[WHAT IS REQUIRED] Once you have found the line with "slippers, mother's day, grandmother's" in the records below, retype it and every line after it to the end exactly, with no pictures and nothing more.

Short descriptive text snippets
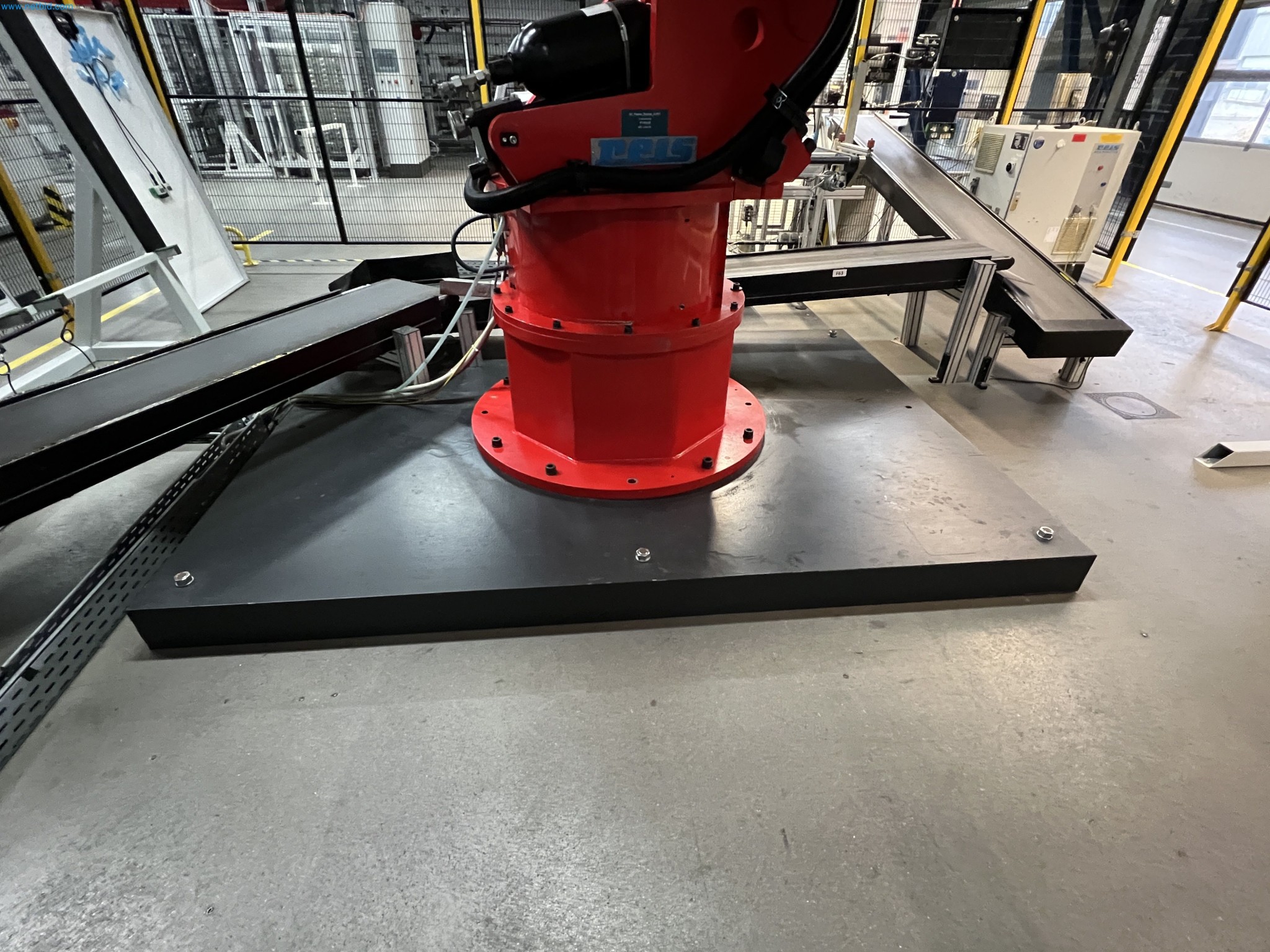 Solar Panel Production Lines-6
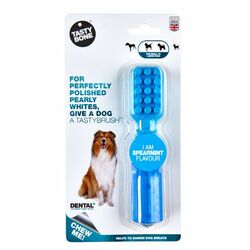 TastyBone Nylon Dental Kefka Spearmint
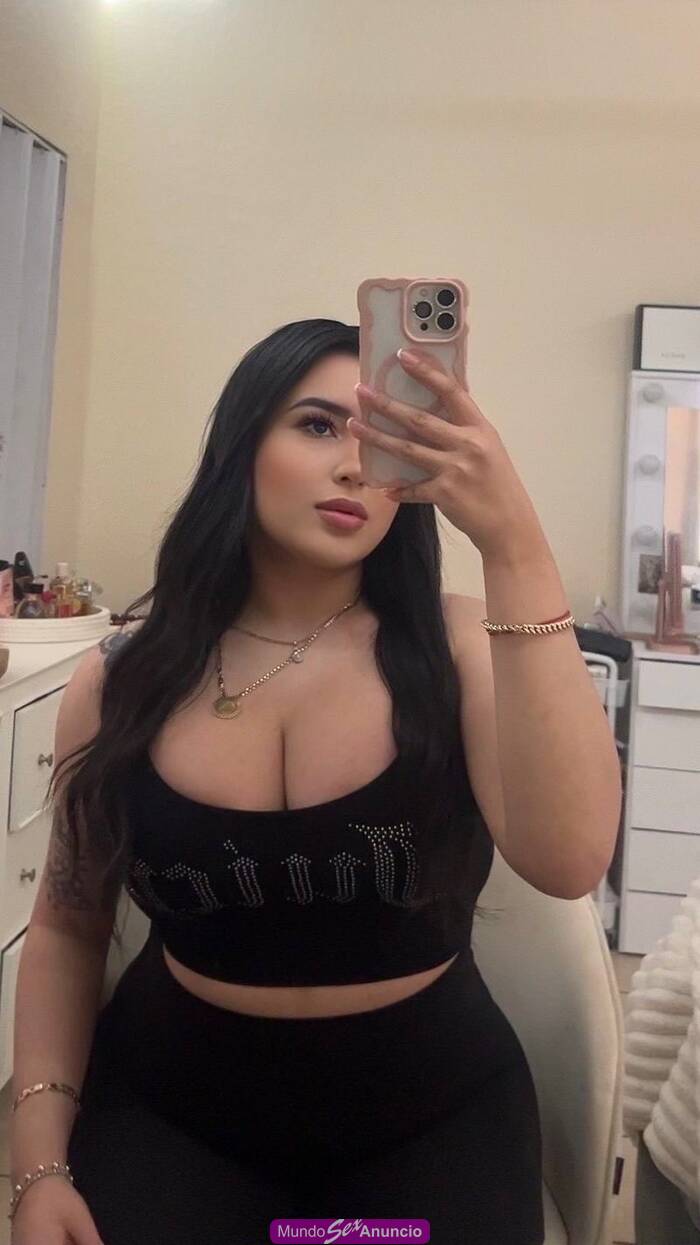GORDITA ARDIENTEbesos apasionados y trato de novios profile photo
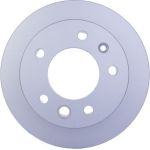 Bremsscheibe 8DD 355 111-001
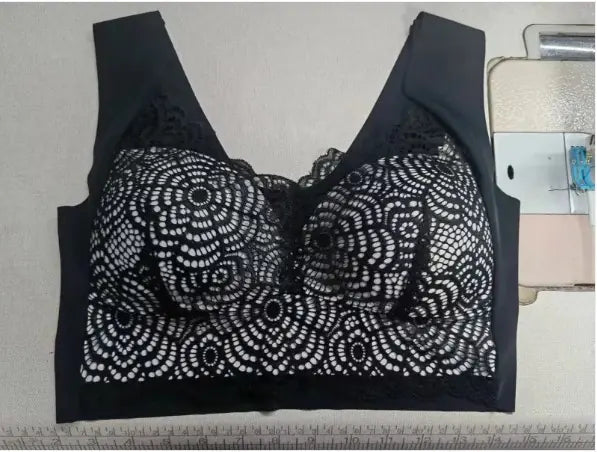 Women's underwire Sports Bra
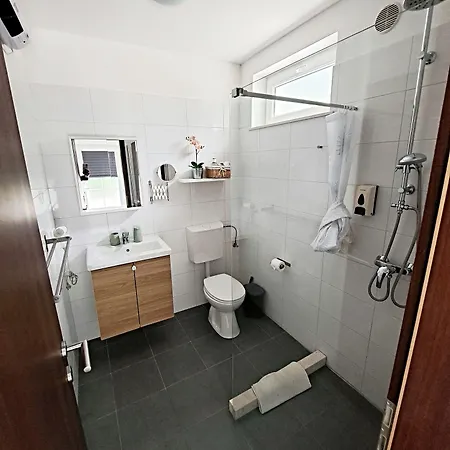 Adriatic Pearl Apartmán *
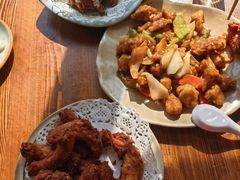-泰来风味馆(桂林街店)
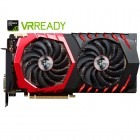 MSI GeForce GTX 1080 GAMING X 8GB DDR5X 256-bit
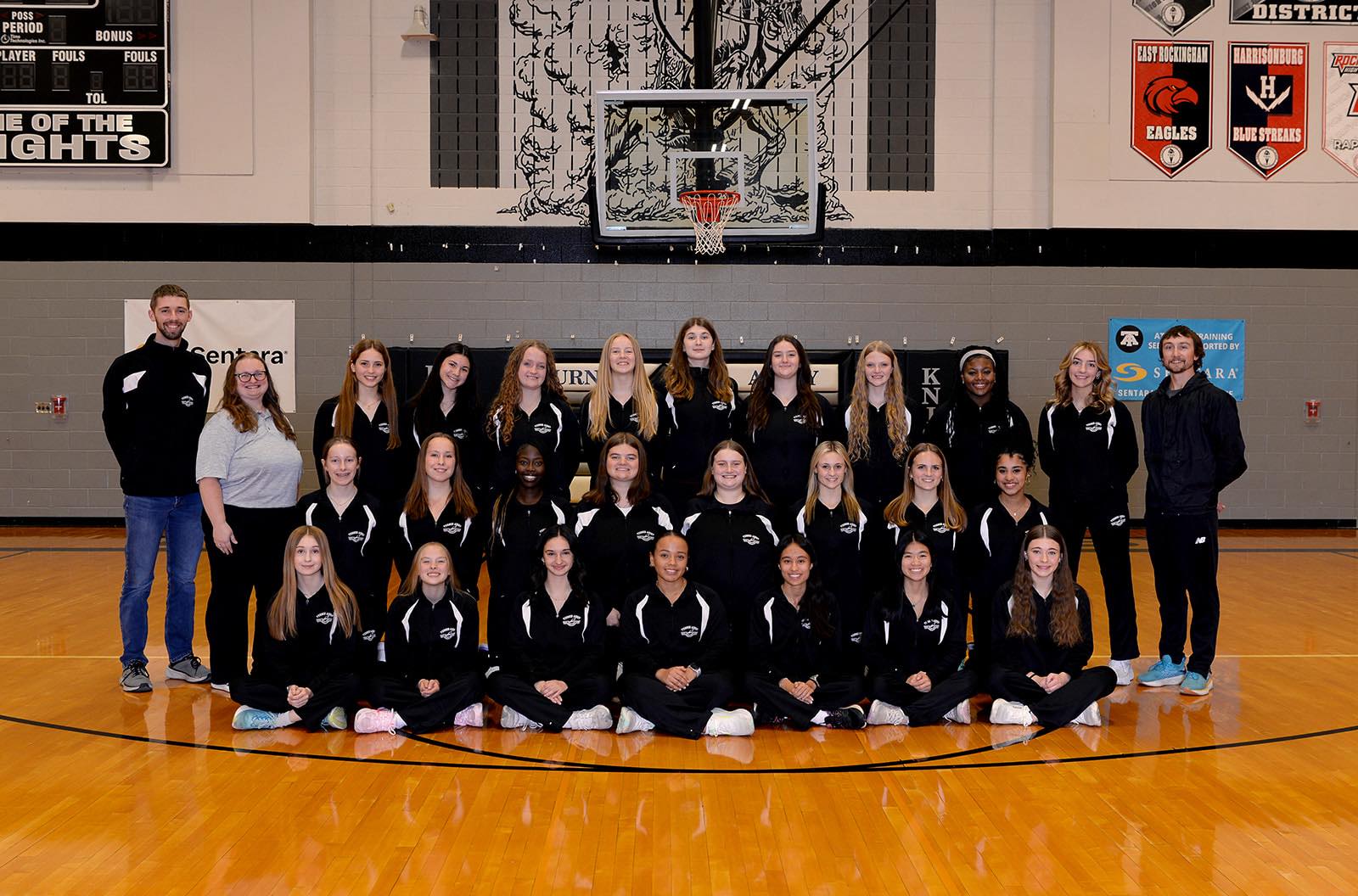 Congratulations to... - Turner Ashby High School Activities | Facebook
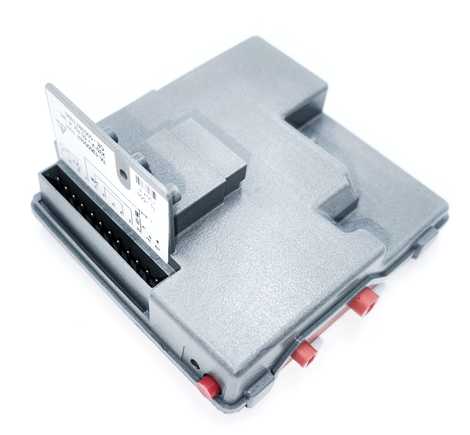 Топочный автомат замена Honeywell S4565BF1161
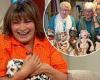 Lorraine Kelly struggles to contain her laughter as she makes VERY cheeky quip ... trends now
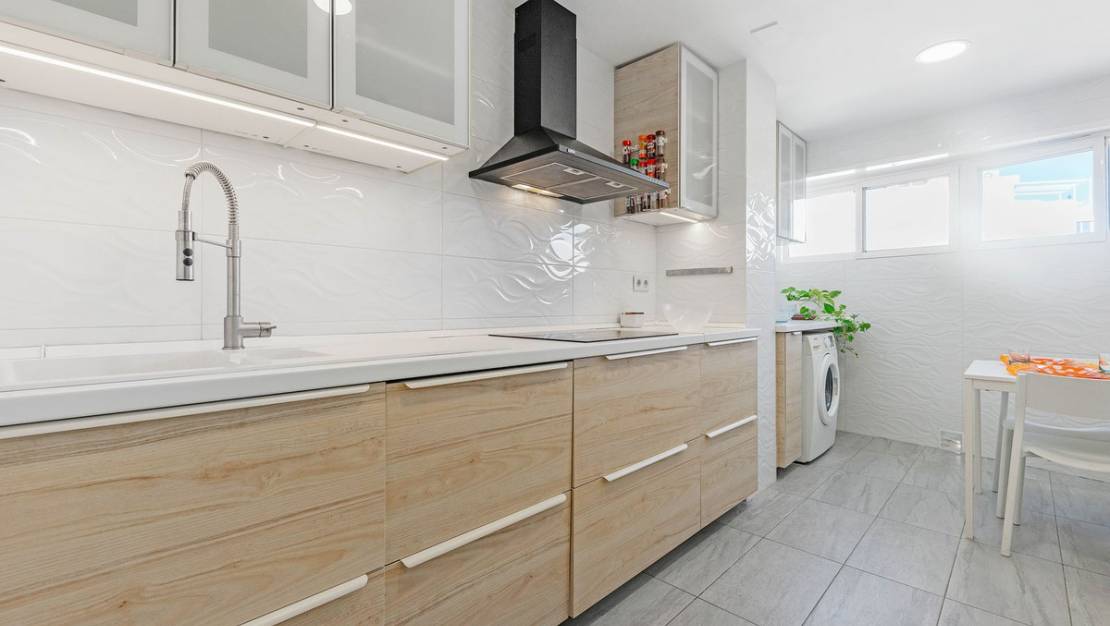 Sale - Apartment - Campello - El Campello - Campello - El Campello Centro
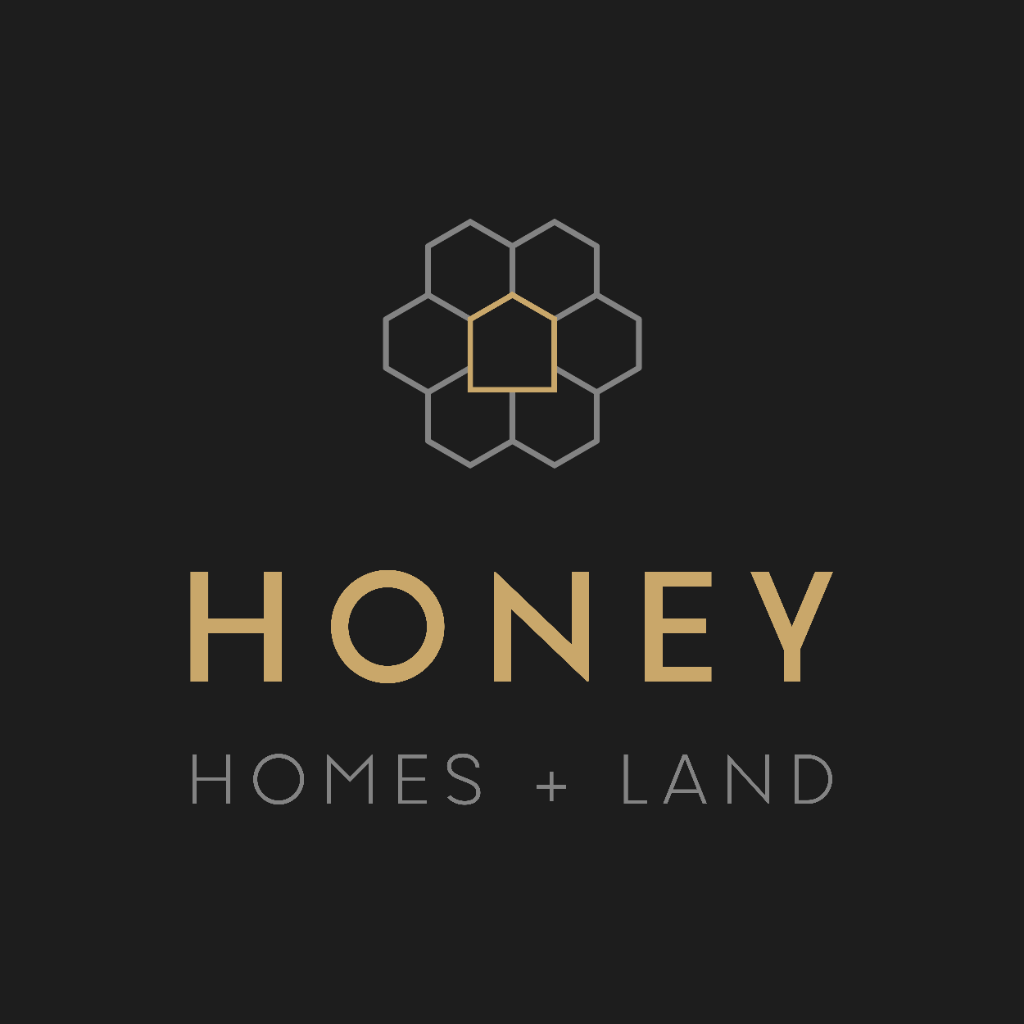 Honey Homes + Land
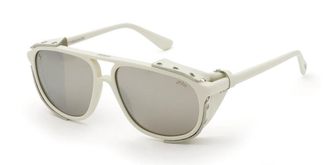 Lozza Sl4416 Zilo Cortina 3GFX Mens Sunglasses Size 58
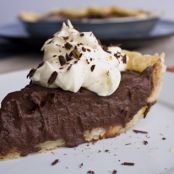Chocolate Pie
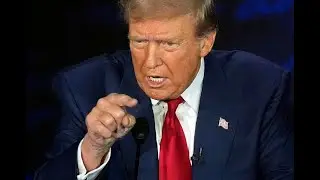 Weird Trump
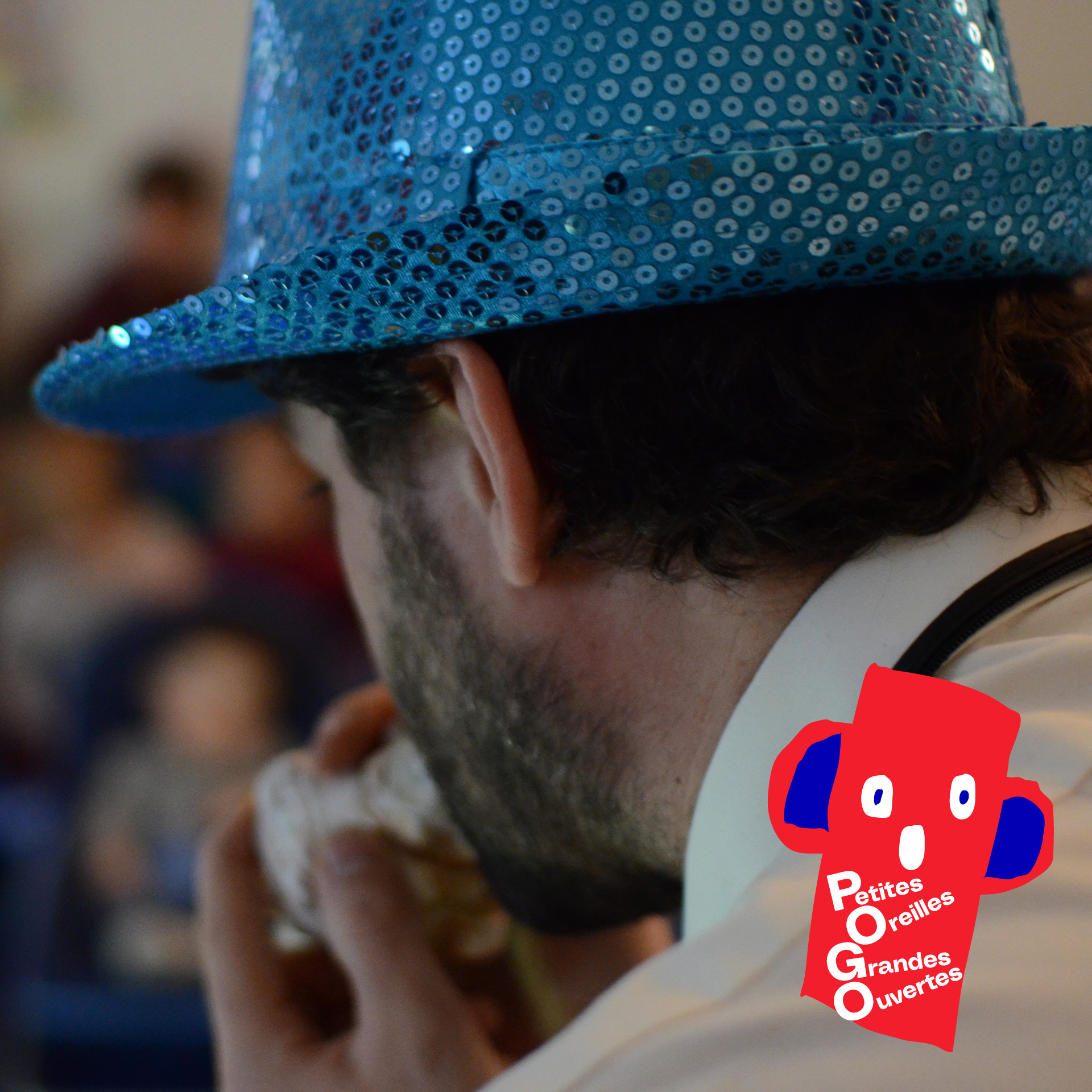 Tout en Bleu ! en concert au Jazzdor le Dim 8 nov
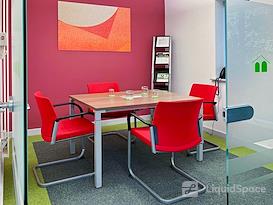 Regus | Crawley, Metcalf Way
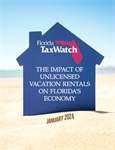 The Impact of Unlicensed Vacation Rentals on Florida's Economy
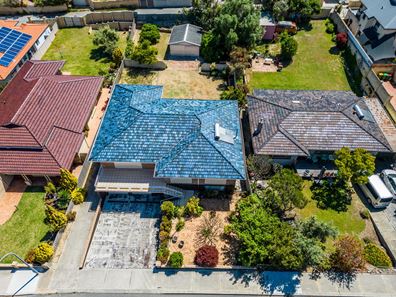 25 Livingstone Street, Beaconsfield WA 6162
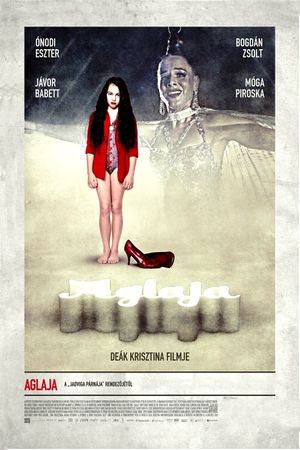 Aglaya's poster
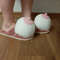 slippers, mother's day, grandmother's gift, bride's slippers.jpg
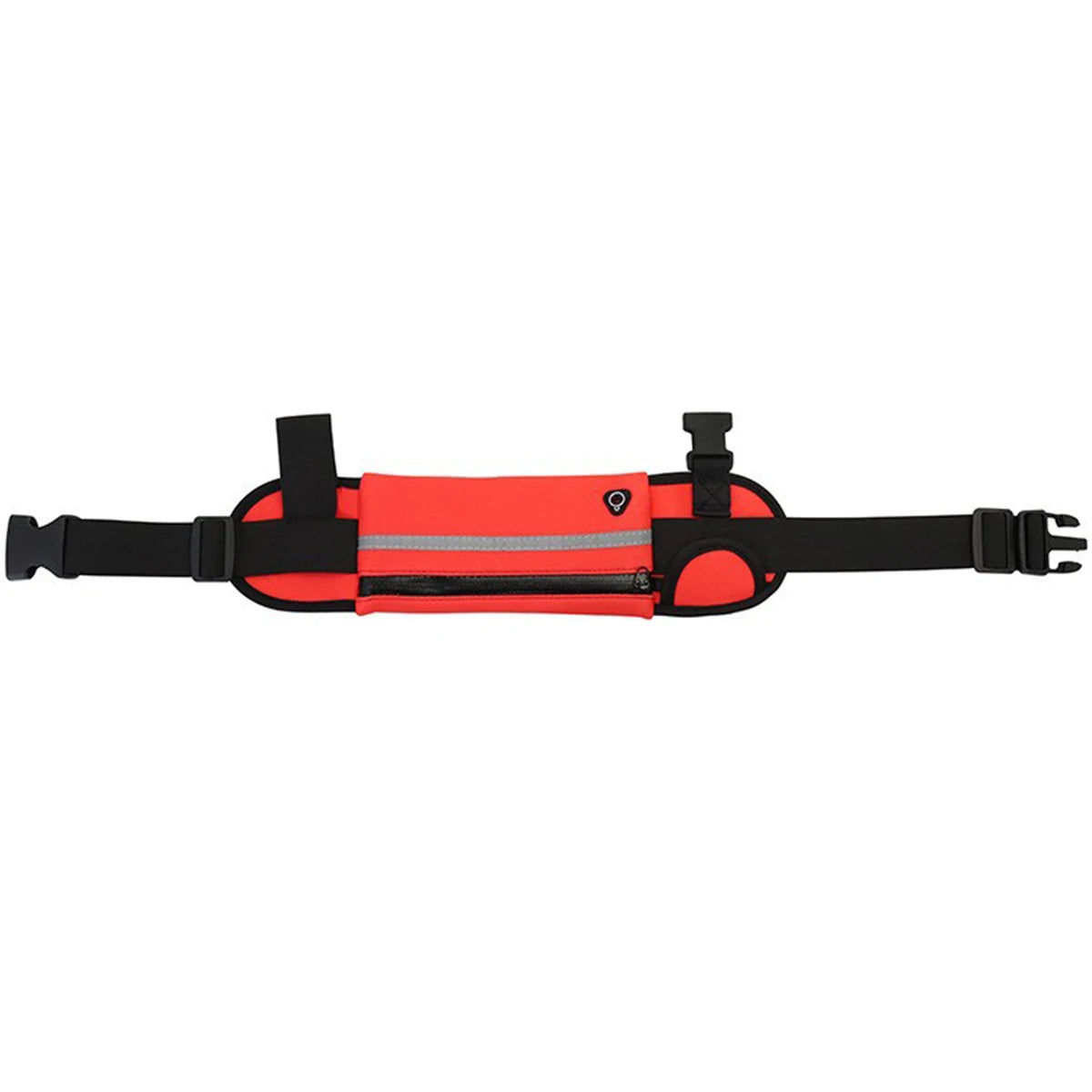 Canova ActiveWalk™ Hands-Free Dog Leash with Utility Waist Bag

[ANSWER SECTION]
 slippers, mother's day, grandmother's gift, bride's slippers.jpg
 Canova ActiveWalk™ Hands-Free Dog Leash with Utility Waist Bag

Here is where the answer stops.